====== Dataset content

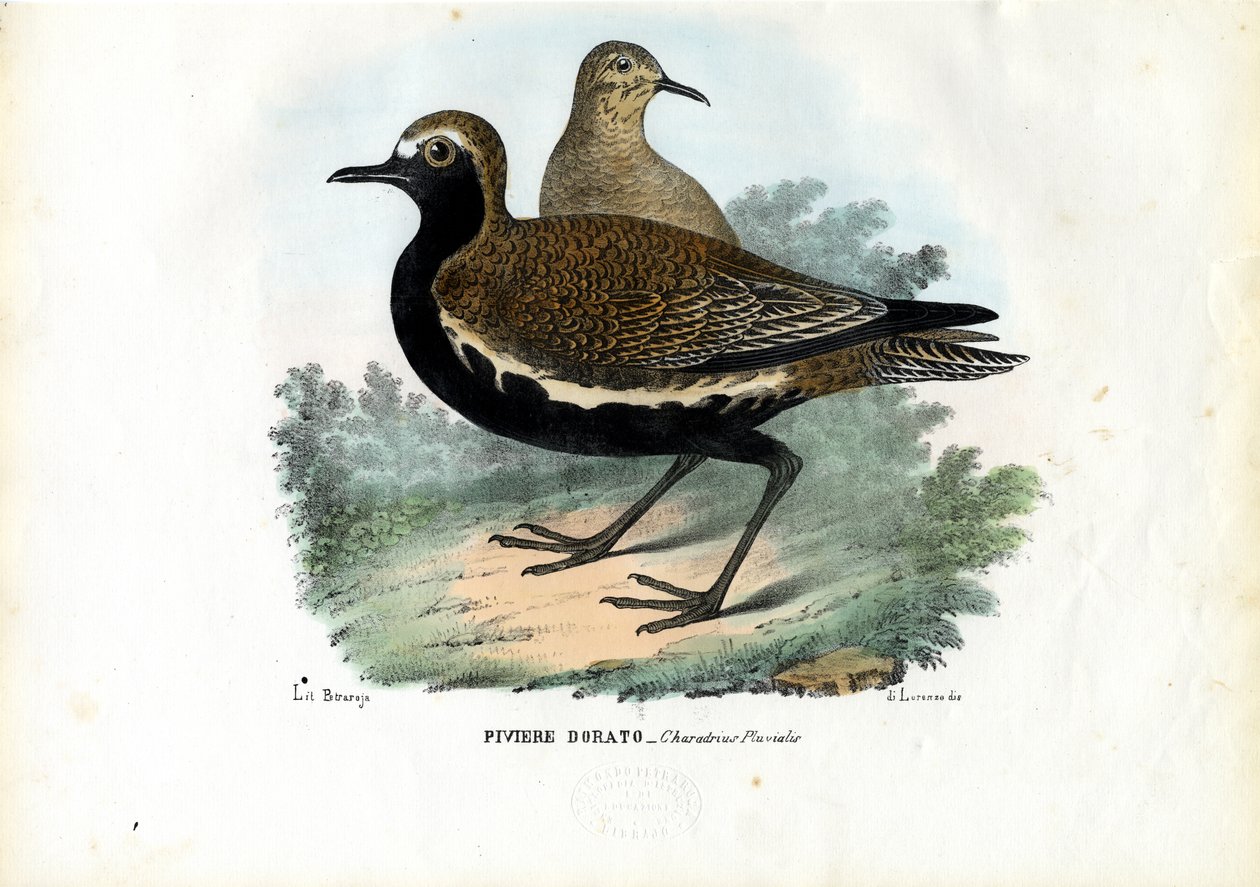 Plover, 1863-79 tekijältä Raimundo Petraroja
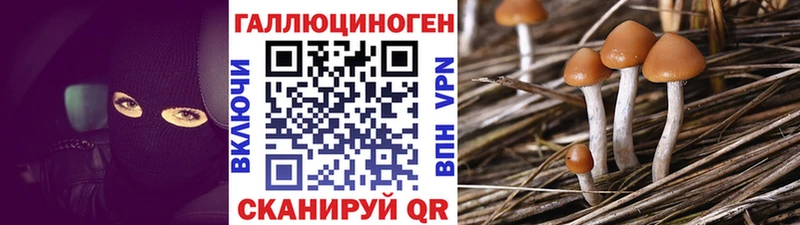 Псилоцибиновые грибы ЛСД  Новое Девяткино 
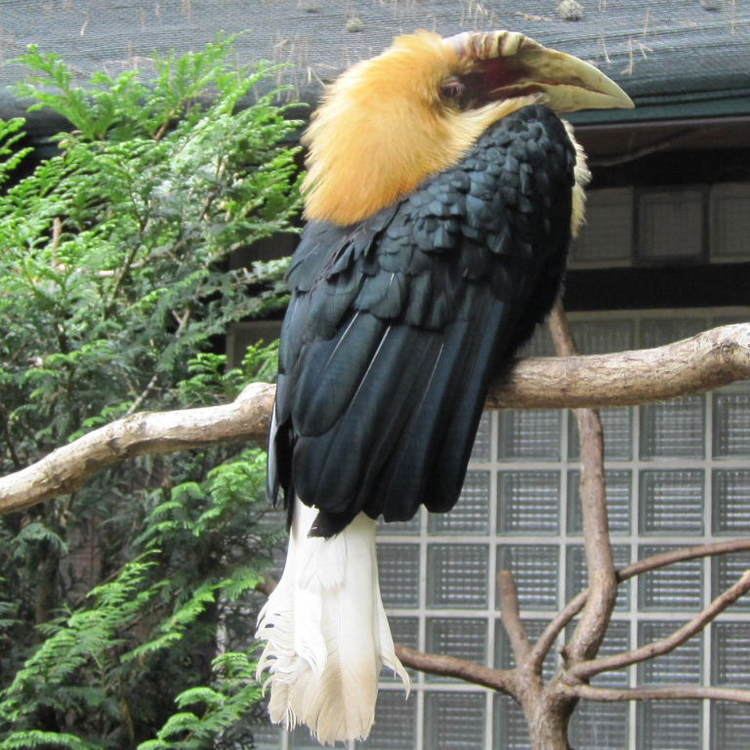 Blyth's hornbill blythshornbill3jpg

============

The task calls for duplicating the data exactly, with no images kept.

 Plover, 1863-79 tekijältä Raimundo Petraroja
 Псилоцибиновые грибы ЛСД  Новое Девяткино 
 Blyth's hornbill blythshornbill3jpg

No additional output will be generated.